TASK TO COMPLETE:
Set down each line from the line holding "Памятник с гравировкой" to the last line of the entries below, exactly, with both ends included and without pictures.

(Saved data entries)
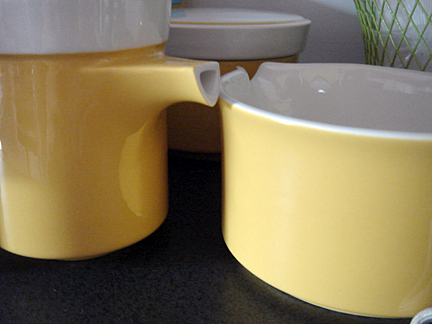 [yellow+pots.jpg]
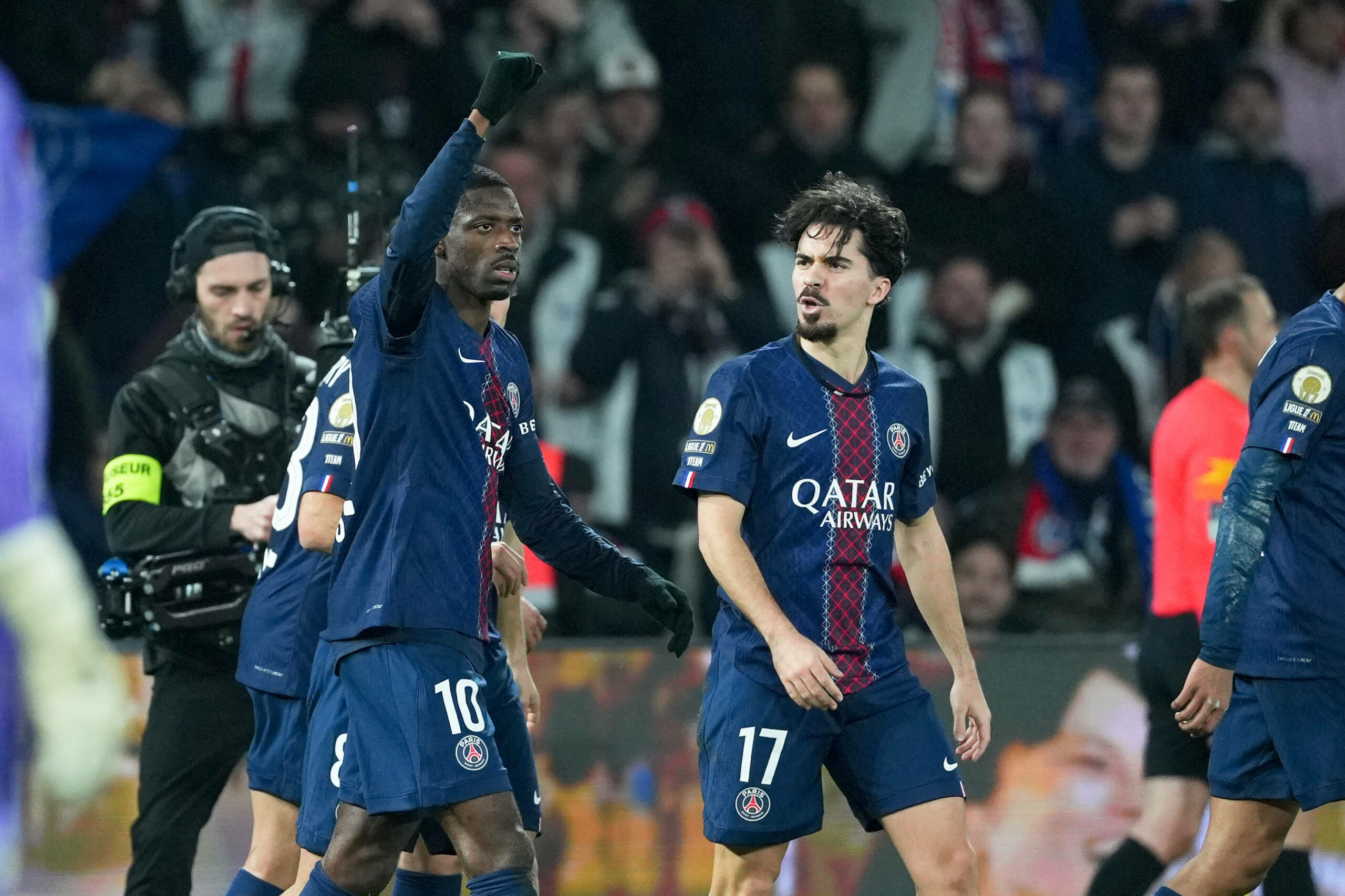 Ousmane Dembélé und Vitinha bejubeln ein Tor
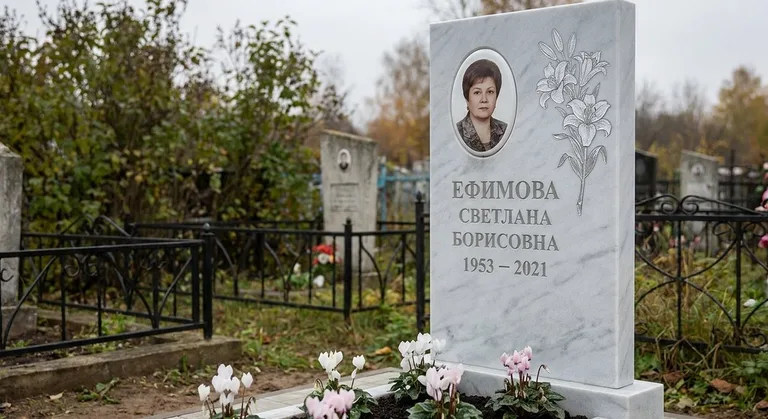 Памятник с гравировкой лилий — выполненная работа «Ефимова» в Москве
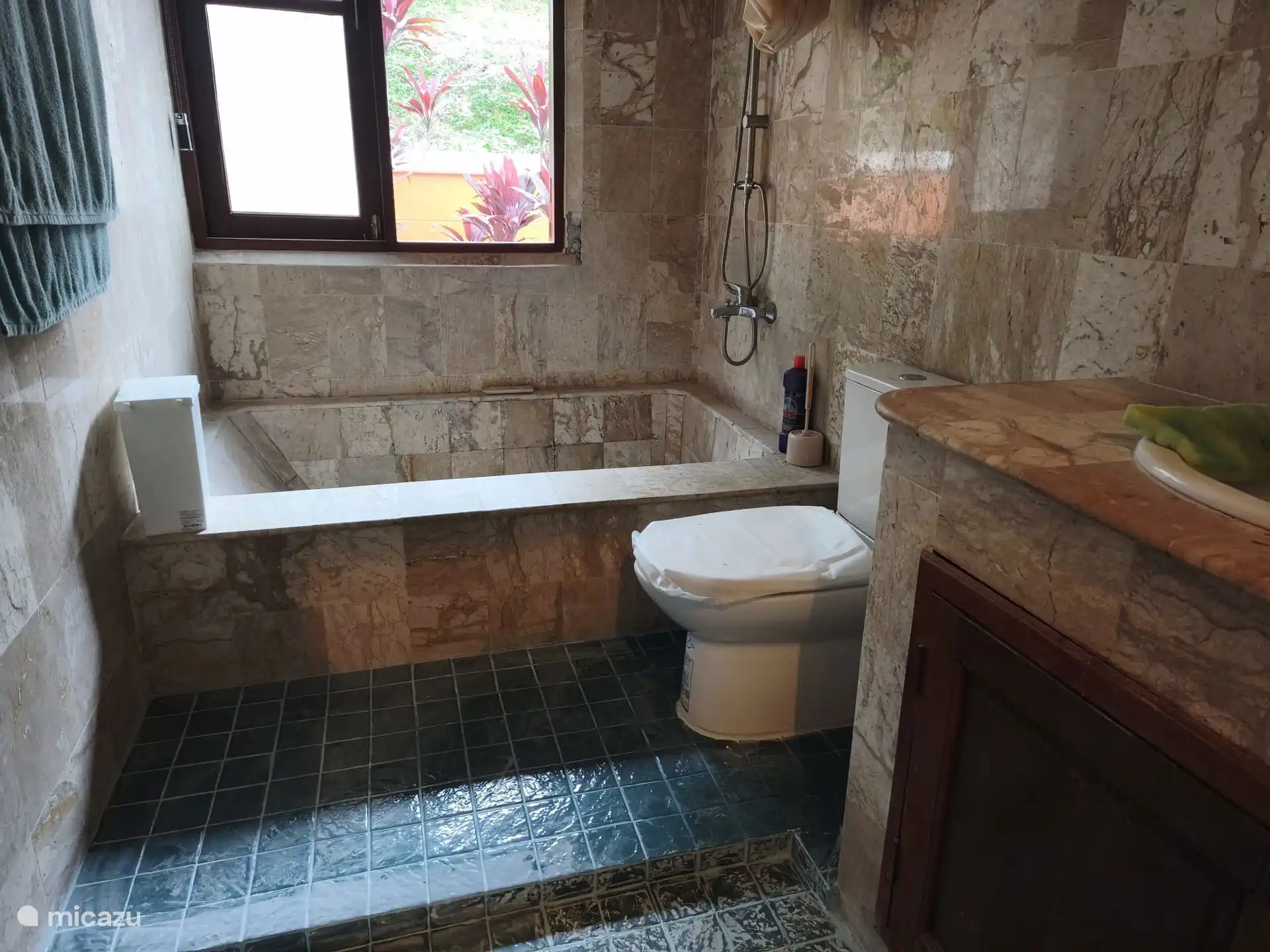 badkamer 1 is an suit in de master bedroom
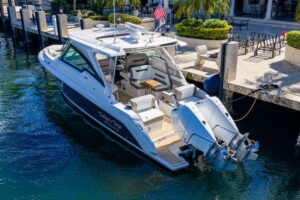 2024 Tiara Yachts 34 LX for sale - photo 4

THE COMPLETED TASK:
 Памятник с гравировкой лилий — выполненная работа «Ефимова» в Москве
 badkamer 1 is an suit in de master bedroom
 2024 Tiara Yachts 34 LX for sale - photo 4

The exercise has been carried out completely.